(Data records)
== Segment start ==

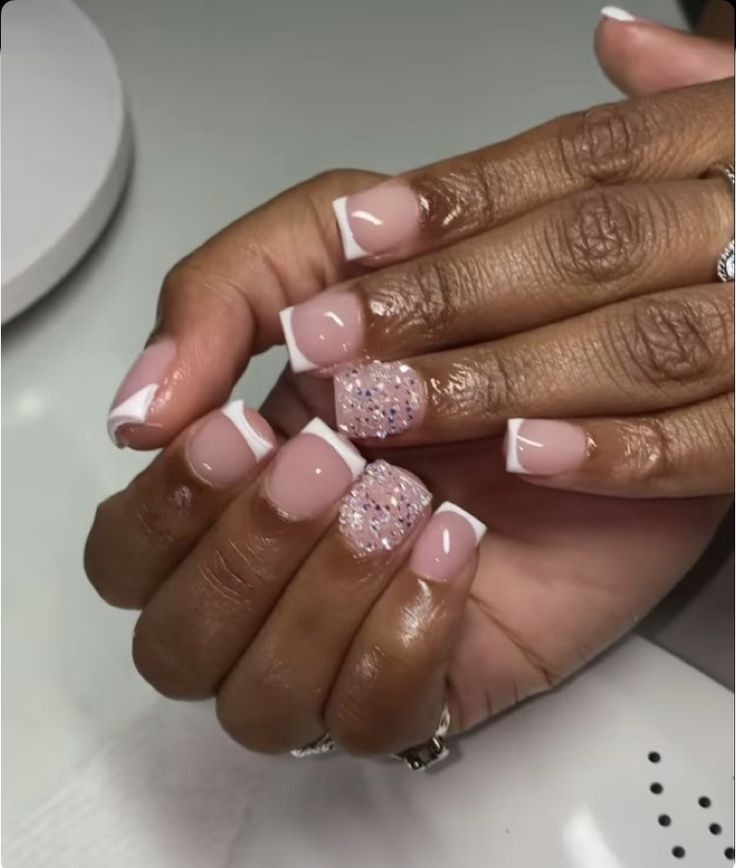 Chic French Manicure with Rhinestone Accent for Glamorous Elegance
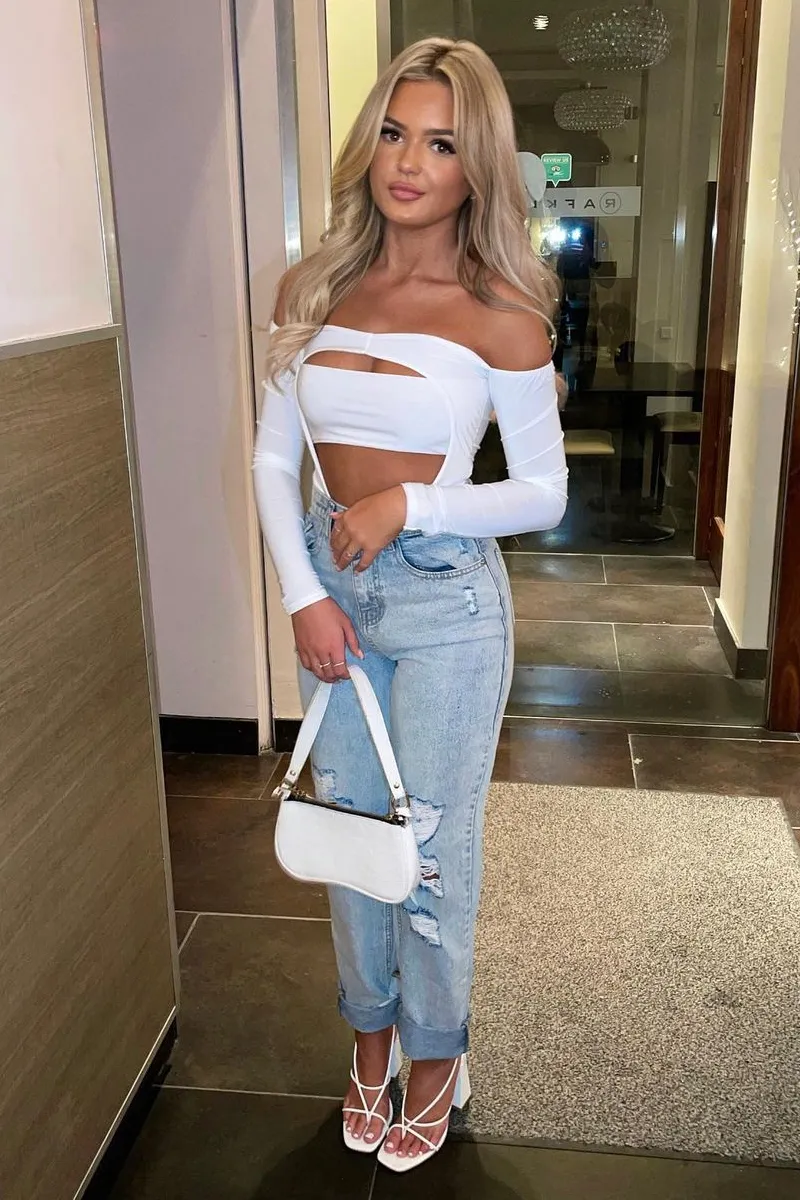 White Front Cut out Bodysuit - Kripa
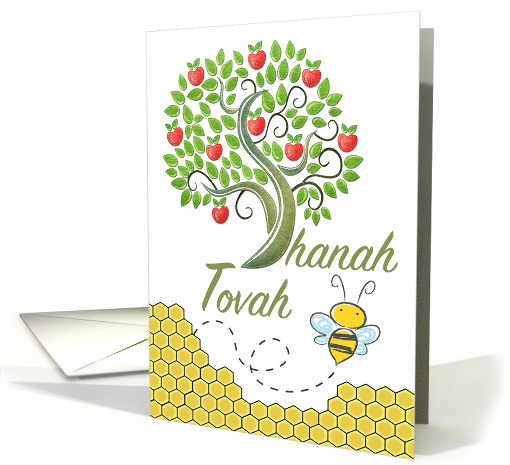 Rosh Hashanah Shanah Tovah with Apple Tree and Cute Bee card (486055)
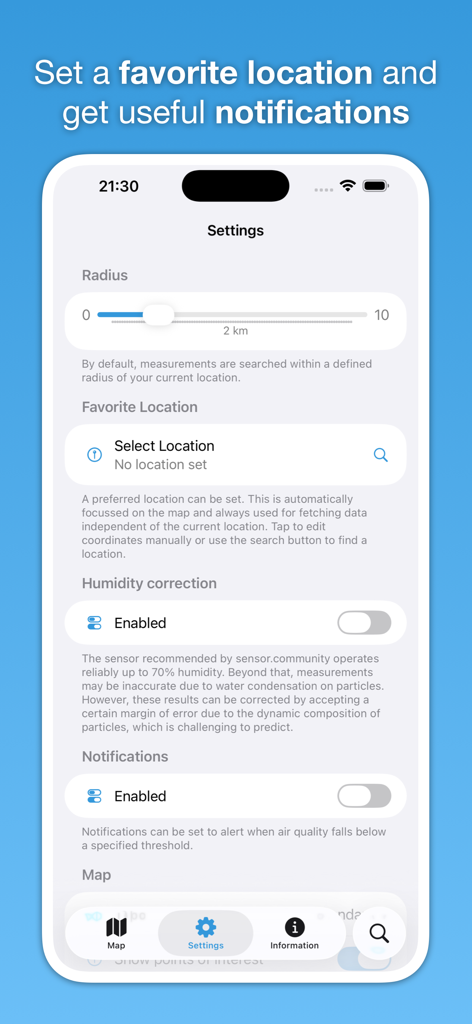 Breathe - Air Quality Monitor - Breathe app settings screen showing options for favorite location radius and air quality notifications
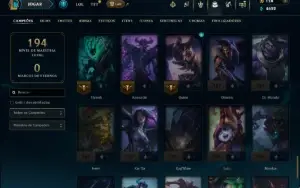 Mestre com 80 Champs e 15 Skins ( 215 PDL )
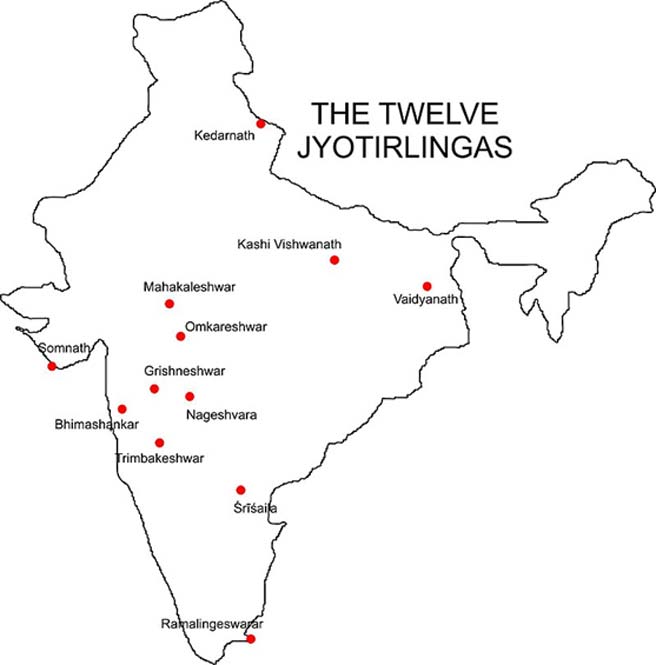 Ubicaciones de los 12 templos Jyotirlinga en la India. (Dominio público)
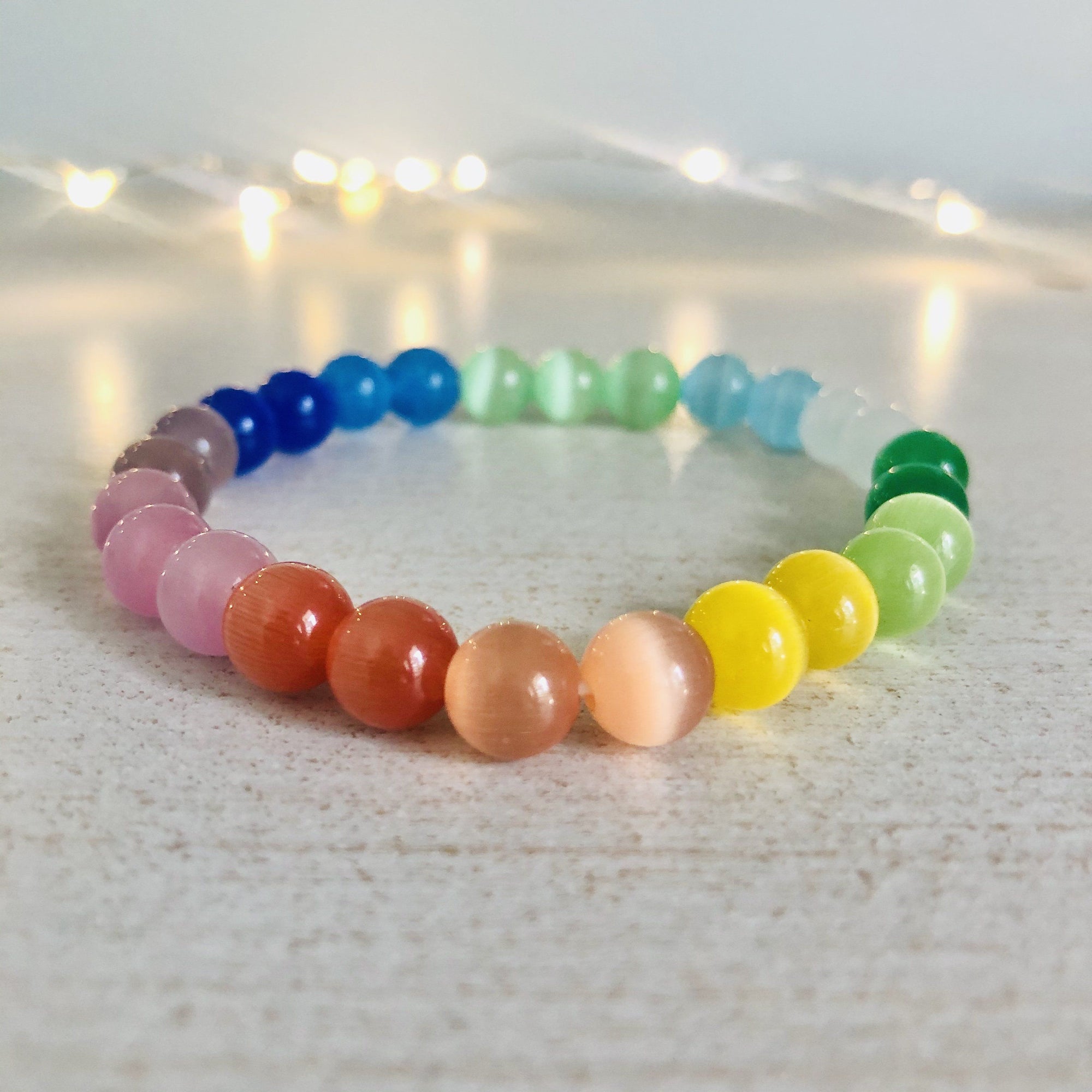 Rainbow Cats Eye Bracelet Manufactured Overseas 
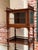 Victorian Antique English Display Cabinet Narrow Bookcase Étagère Glass Walnut C1920 For Sale - Image 3 of 18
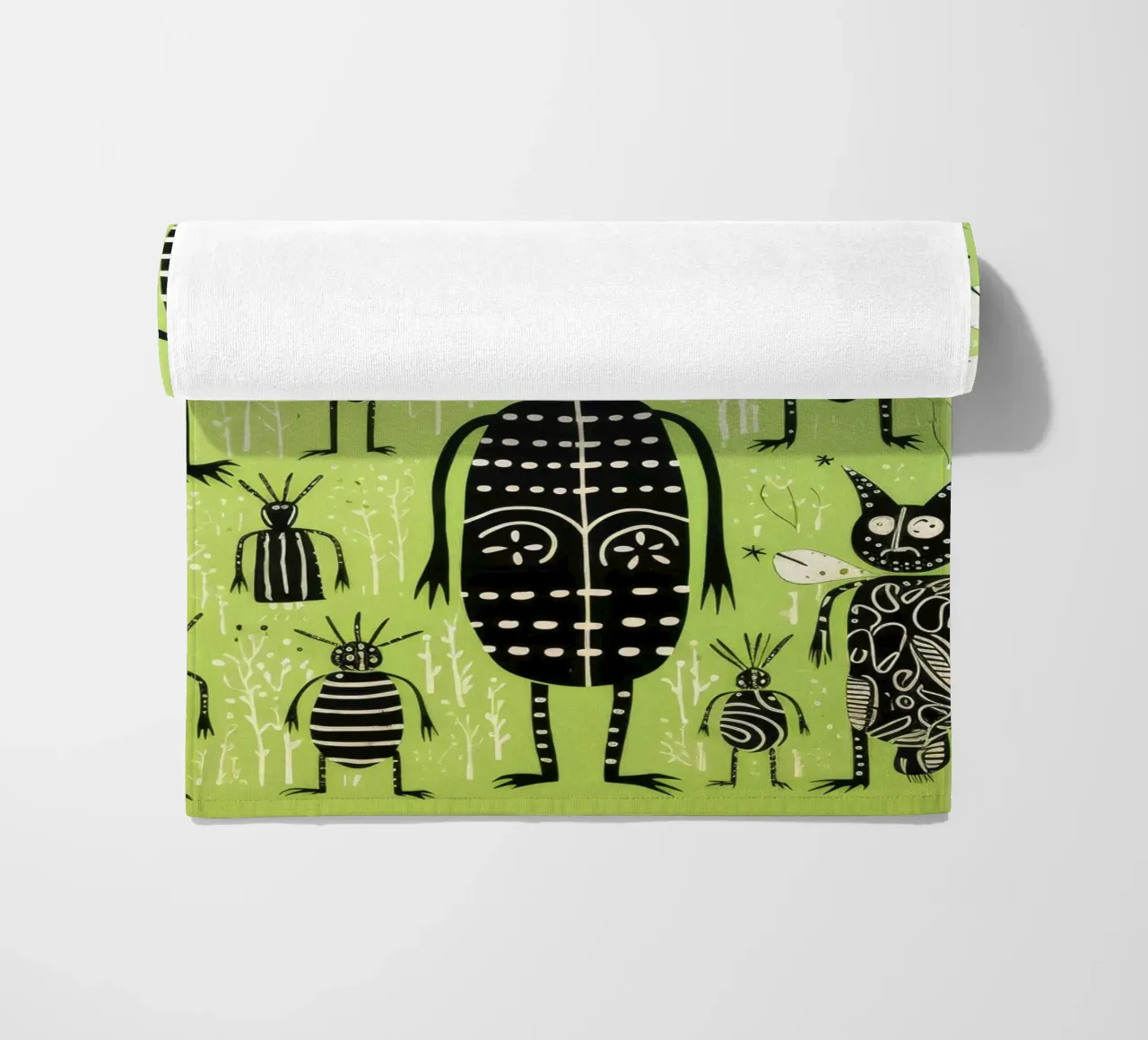 Green Termite 4 beach towel by Minimal Animal Art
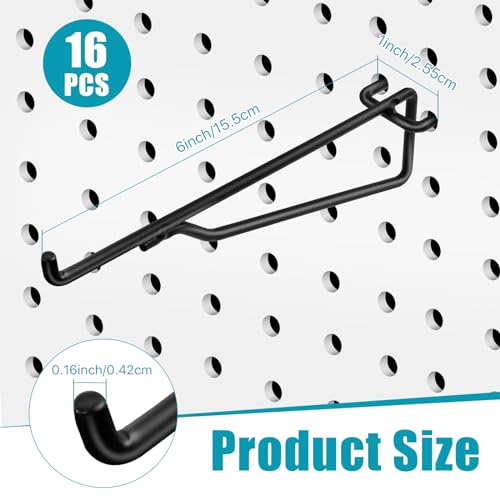 16 Pcs Pegboard Shelf Hooks, 6" Metal Peg Board Brackets Hooks Fits 1/4 Black Pegboard Organizer Accessories for Workbench, Garage, Craft Room, Retail Shop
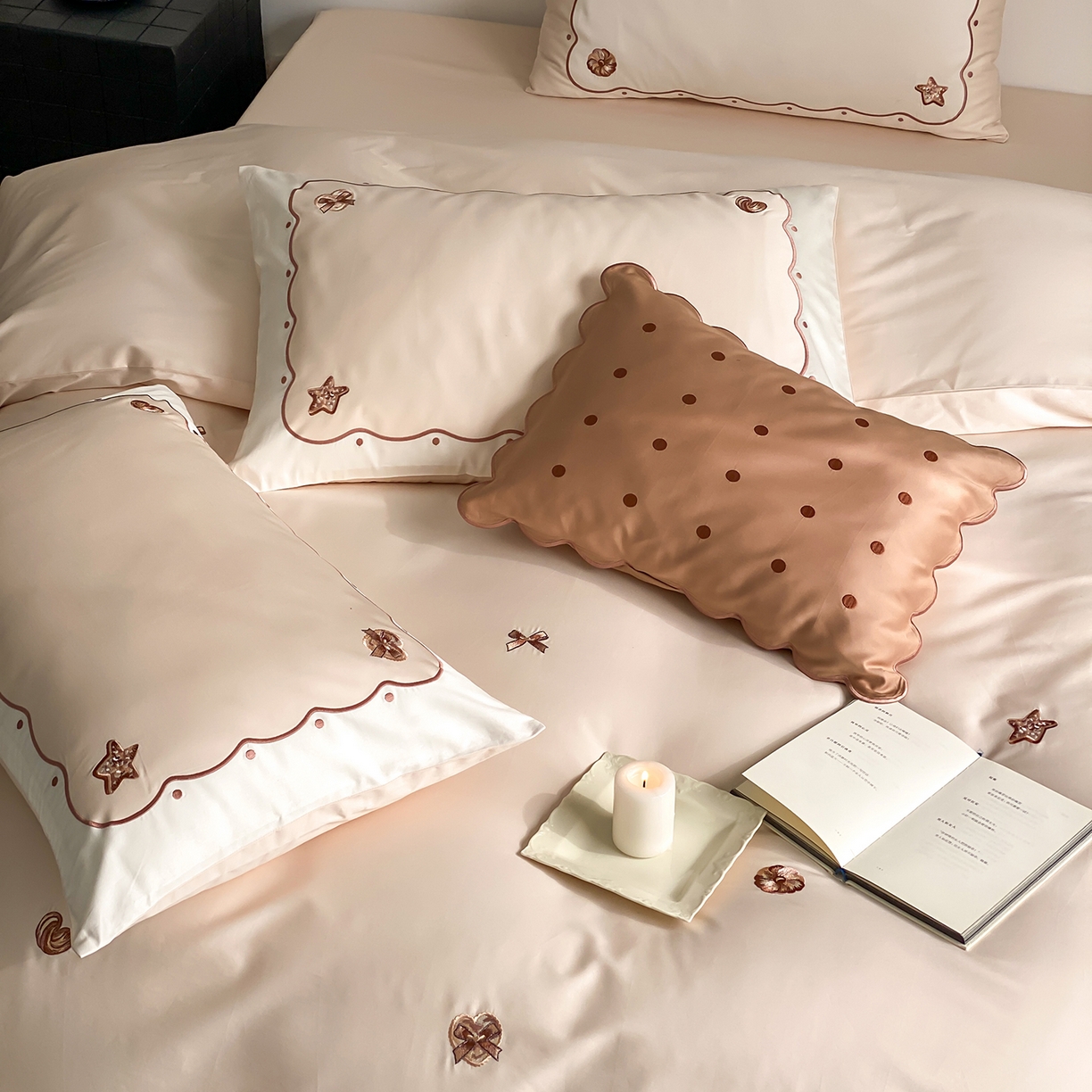 91家纺网 家纺一手货源 找家纺 极简 2026新款100s长绒棉刺绣四件套-香榭雅绣 香榭雅绣-咖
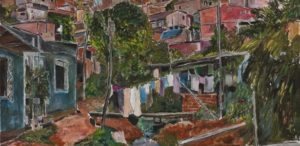 Detalhe da acrílica sobre tela Favela Villa Broncos (Brasil) - Fonte: Uol Entretenimento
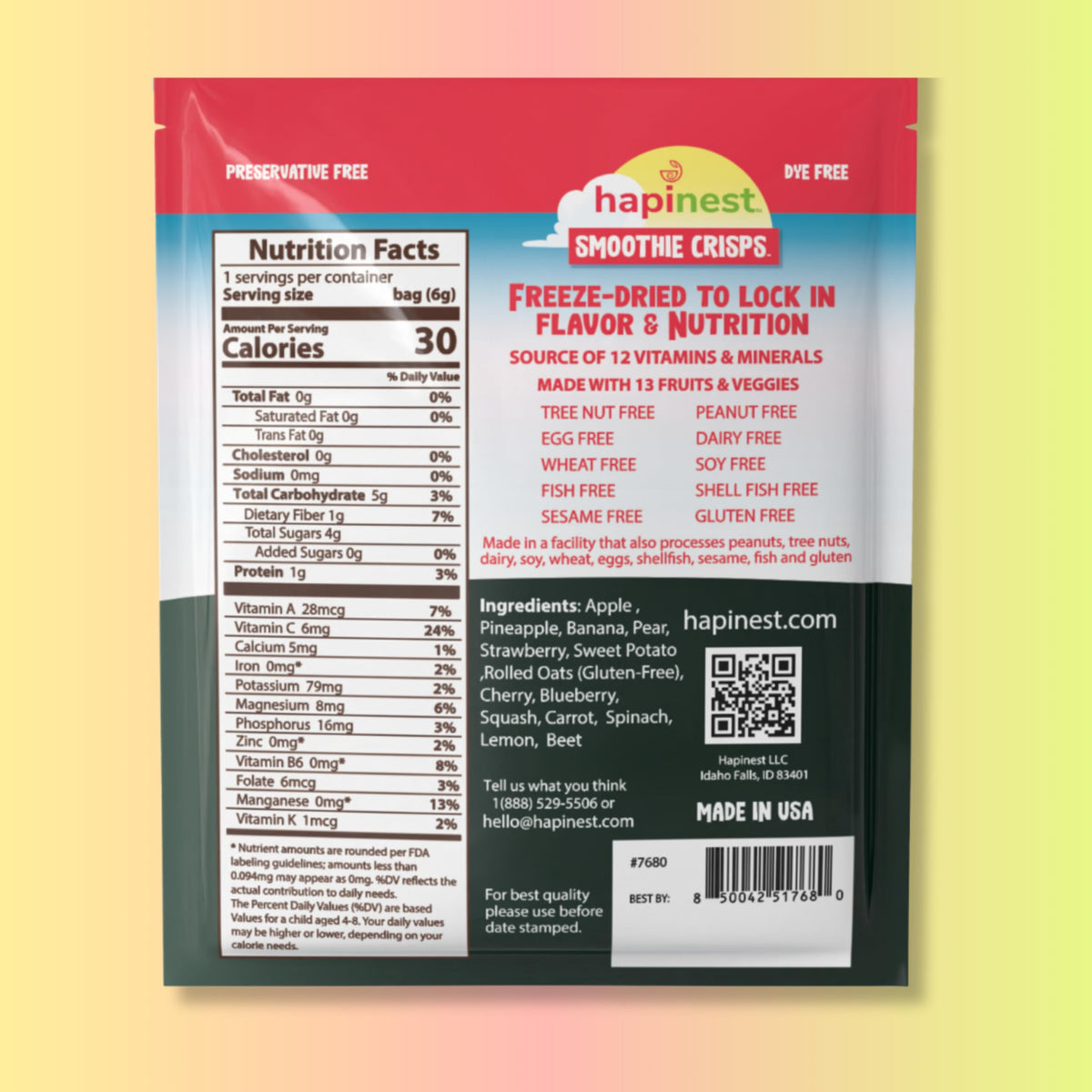 Hapinest Smoothie Crisps Berry Banana close-up showcases natural fruit flavors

== Segment end ==

Above, find the line holding "Breathe - Air" and the line holding "Ubicaciones de los". Print exactly those two lines and every line between them, but no pictures.

 Breathe - Air Quality Monitor - Breathe app settings screen showing options for favorite location radius and air quality notifications
 Mestre com 80 Champs e 15 Skins ( 215 PDL )
 Ubicaciones de los 12 templos Jyotirlinga en la India. (Dominio público)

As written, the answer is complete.